- Directed by: Wendy Tilby
- Produced by: Wendy Tilby
- Animation by: Wendy Tilby
- Production company: Emily Carr College of Art and Design
- Distributed by: National Film Board of Canada
- Release date: August 26, 1986 (MWFF);
- Running time: 8 minutes
- Country: Canada

= Tables of Content =

Tables of Content is a 1986 Canadian animated short film directed by Wendy Tilby.

==Plot==
Made as her graduating class project in the filmmaking program at Emily Carr College of Art and Design, the film depicts an elderly man dining alone in a restaurant and observing the sights and sounds around him.

==Release==
The film premiered at the 1986 Montreal World Film Festival. It was subsequently acquired for distribution by the National Film Board of Canada.

==Awards==
At Montreal, it won the award for Best Short Film. It was later screened at the Yorkton Film Festival, where it won the Golden Sheaf award for Best Animation.

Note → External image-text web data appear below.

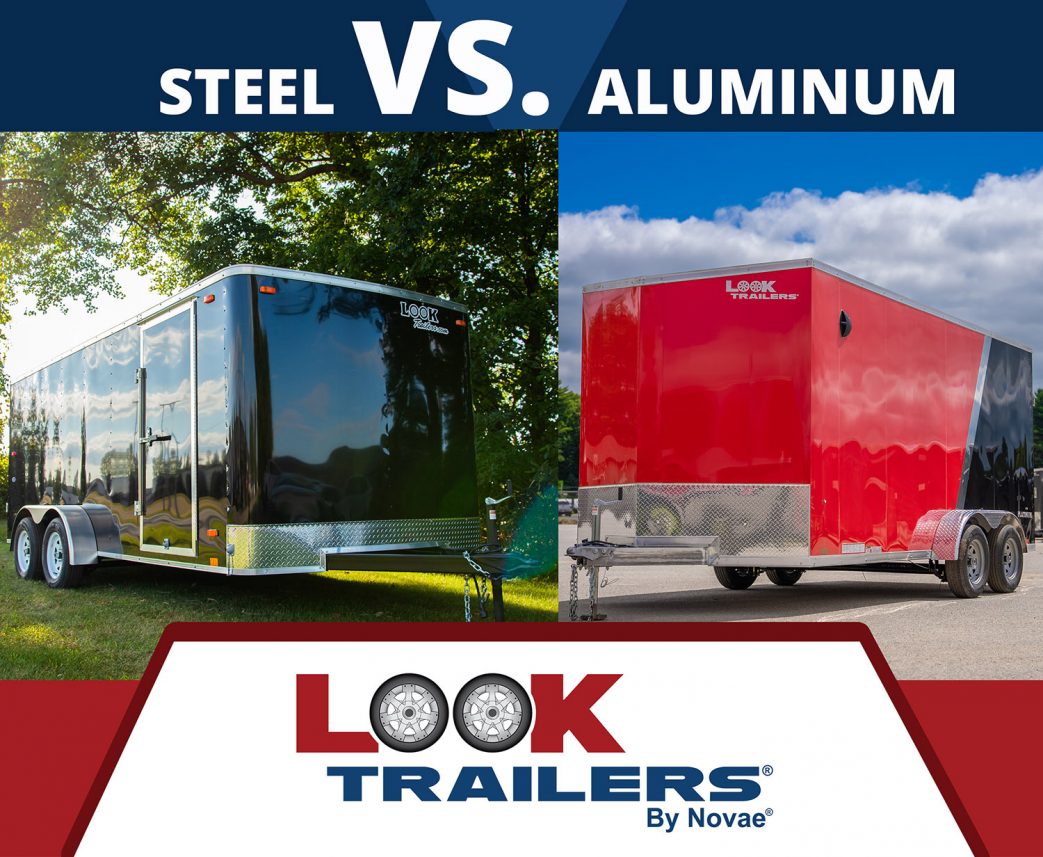 Look Trailers | News Blog Post | Trailer Types And Tips | Steel Vs. Aluminum - How Do You Decide? | Featured Image | Two combined pictures to show an example of a steel trailer and an aluminum trailer. Black Steel Enclosed Cargo Trailer. Two-Tone Red and Black Enclosed Aluminum Cargo Trailer with a divider stripe.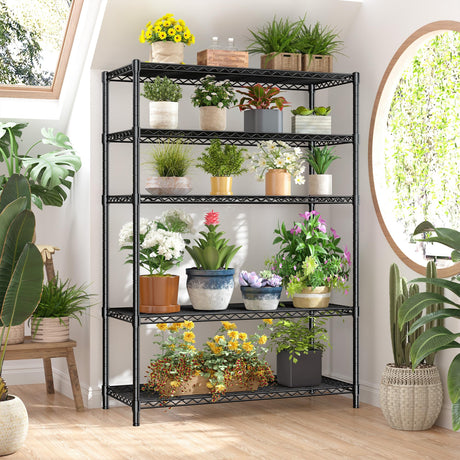 5 Tier Storage Shelves 71"H Wire Shelving Adjustable Metal Shelving,1000LBS Pantry Shelves Sturdy Steel Wire Shelf for Kitchen School Pantry Garage Warehouse ,71"H X35.5"W X13.8"D, Black,2P Romorgniz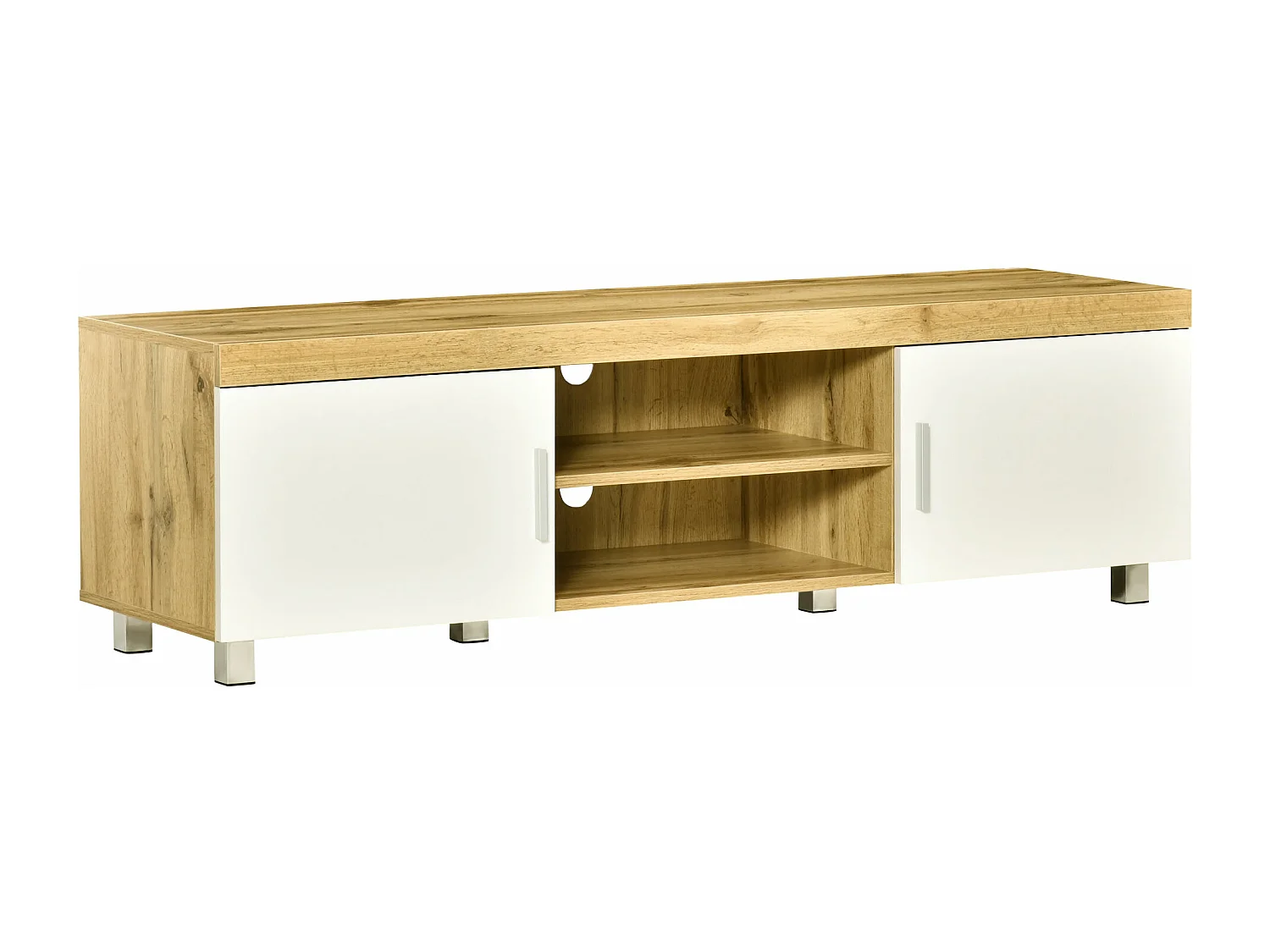 Meuble TV banc TV sur pieds 2 placards 2 niches 2 passe-fils MDF aspect chêne clair blanc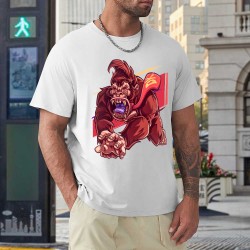 Men's white cotton t-shirt with a unique graphic print featuring a detailed red monster design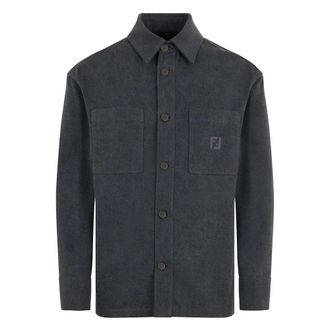 Fendi Casual Shirts, male, Gray, Size: XL Denim Shirt with Embroidery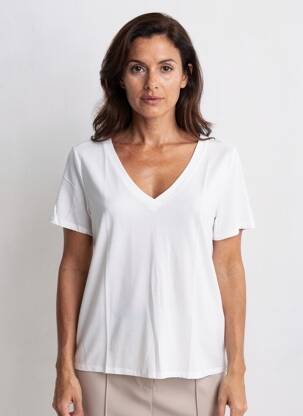 Tricou guler în v mâneci scurte alb LOKITA femeie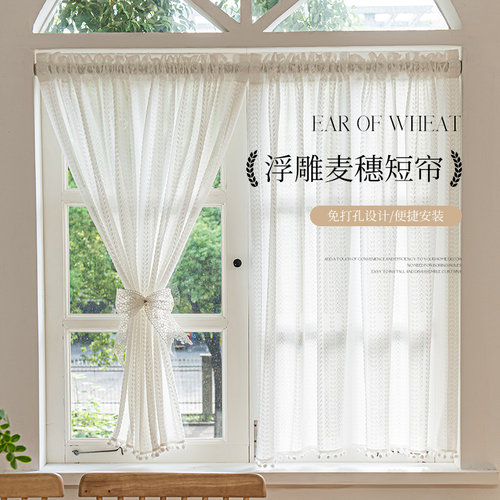 不透人纱帘免打孔安装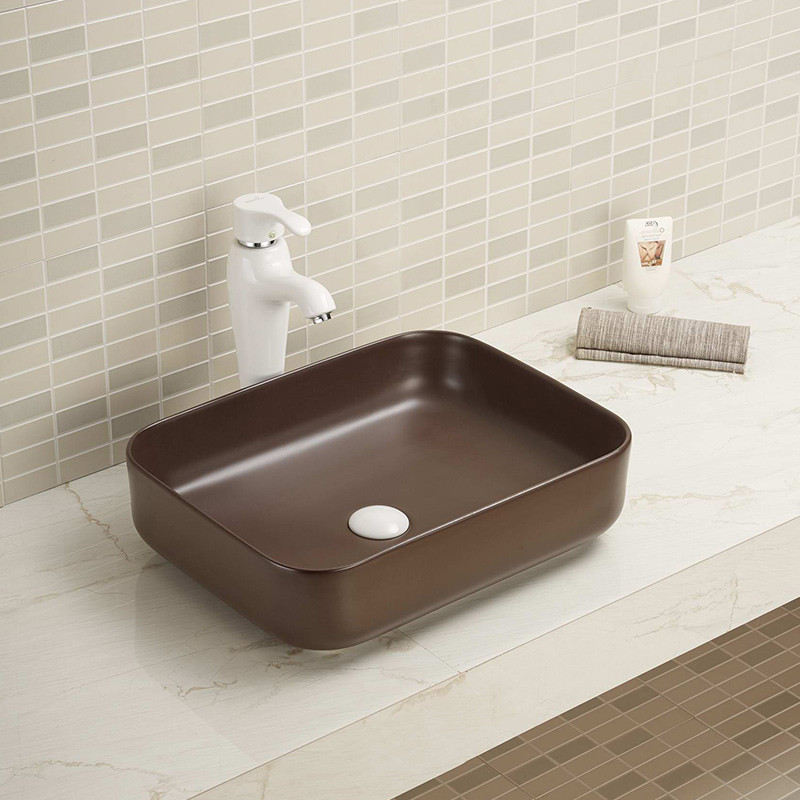 Small Rectangular Counter Top Wash Basin Porcelain Vessel Sink 20 Inch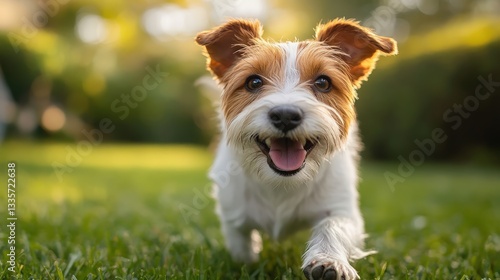 Happy Small Dog Running in Green Grass Outdoors Pet Portrait
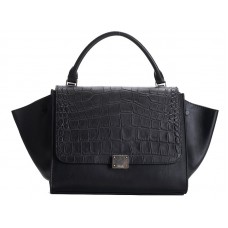Celine Trapeze schoudertas van kalfsleer met krokodillenprint / zwart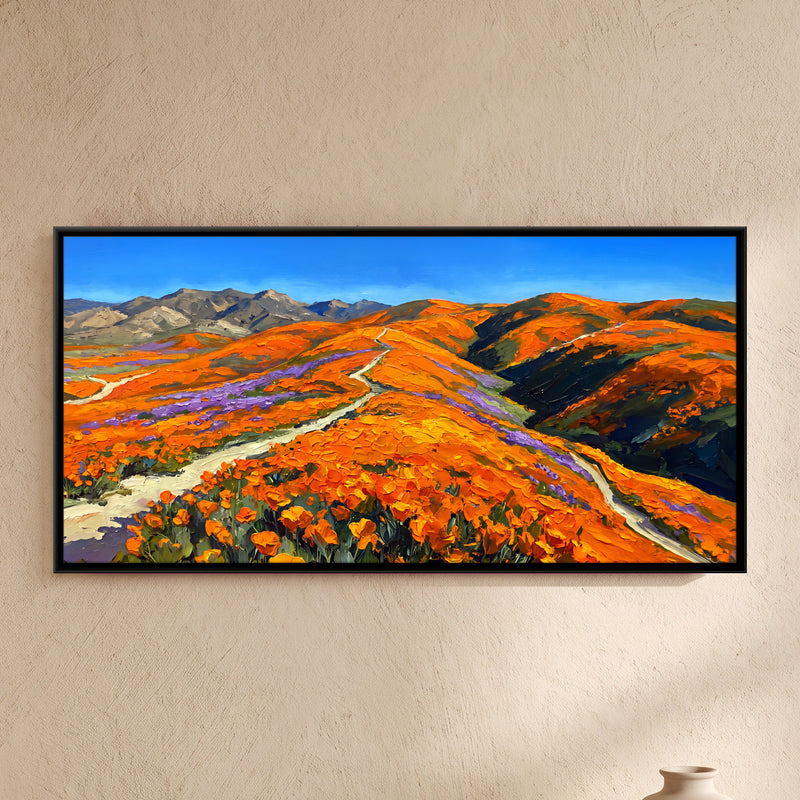Orange Poppies Across the Hills - framed canvas art hung on a wall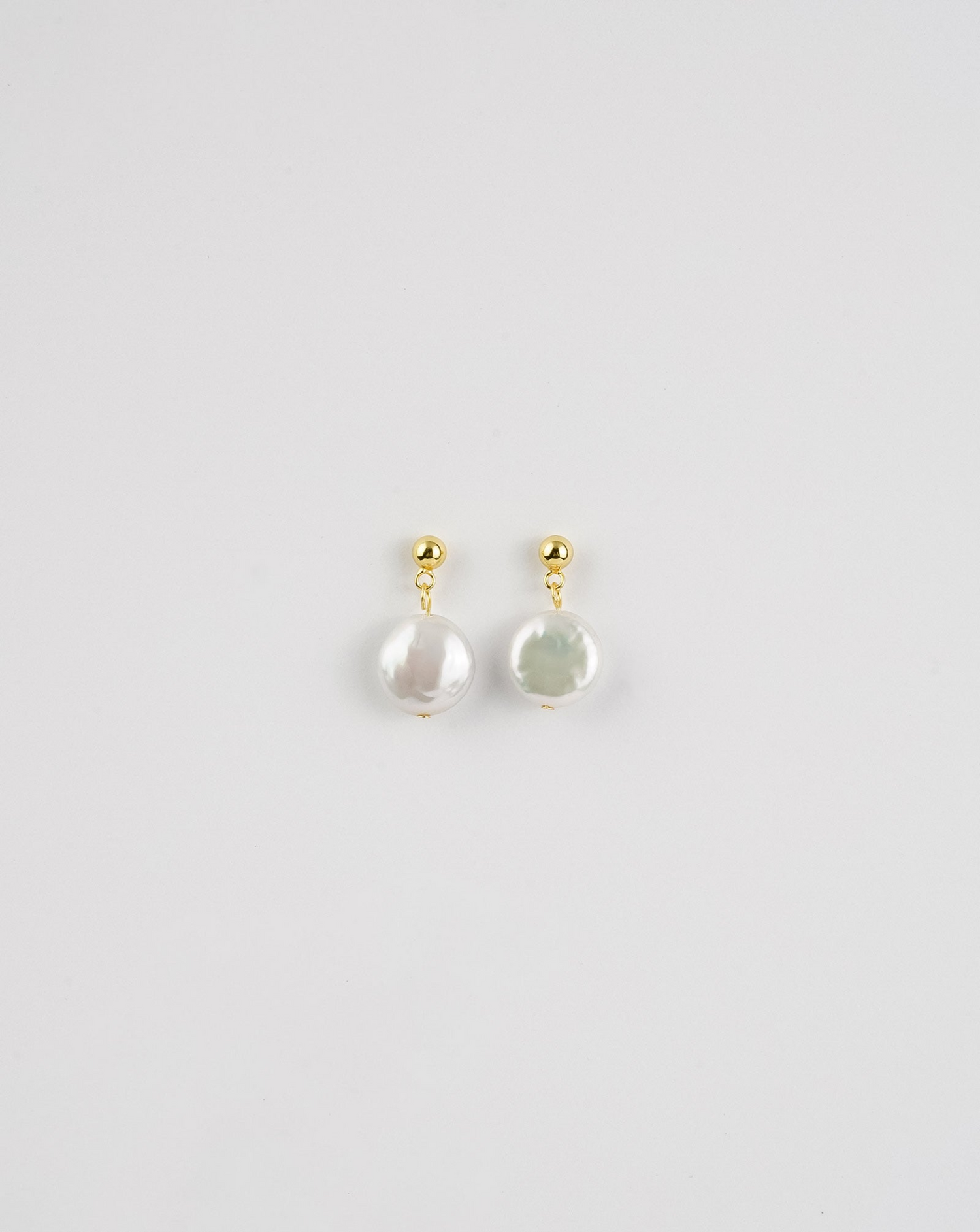 Round Button Pearl Earrings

The film was a Genie Award nominee for Best Animated Short at the 8th Genie Awards in 1987, and was one of five films selected for the Academy of Canadian Cinema and Television's independent short films showcase, a program that gave the winning films commercial screenings in various Canadian markets.

It was submitted for the Academy Award for Best Animated Short Film at the 59th Academy Awards, but was not a finalist.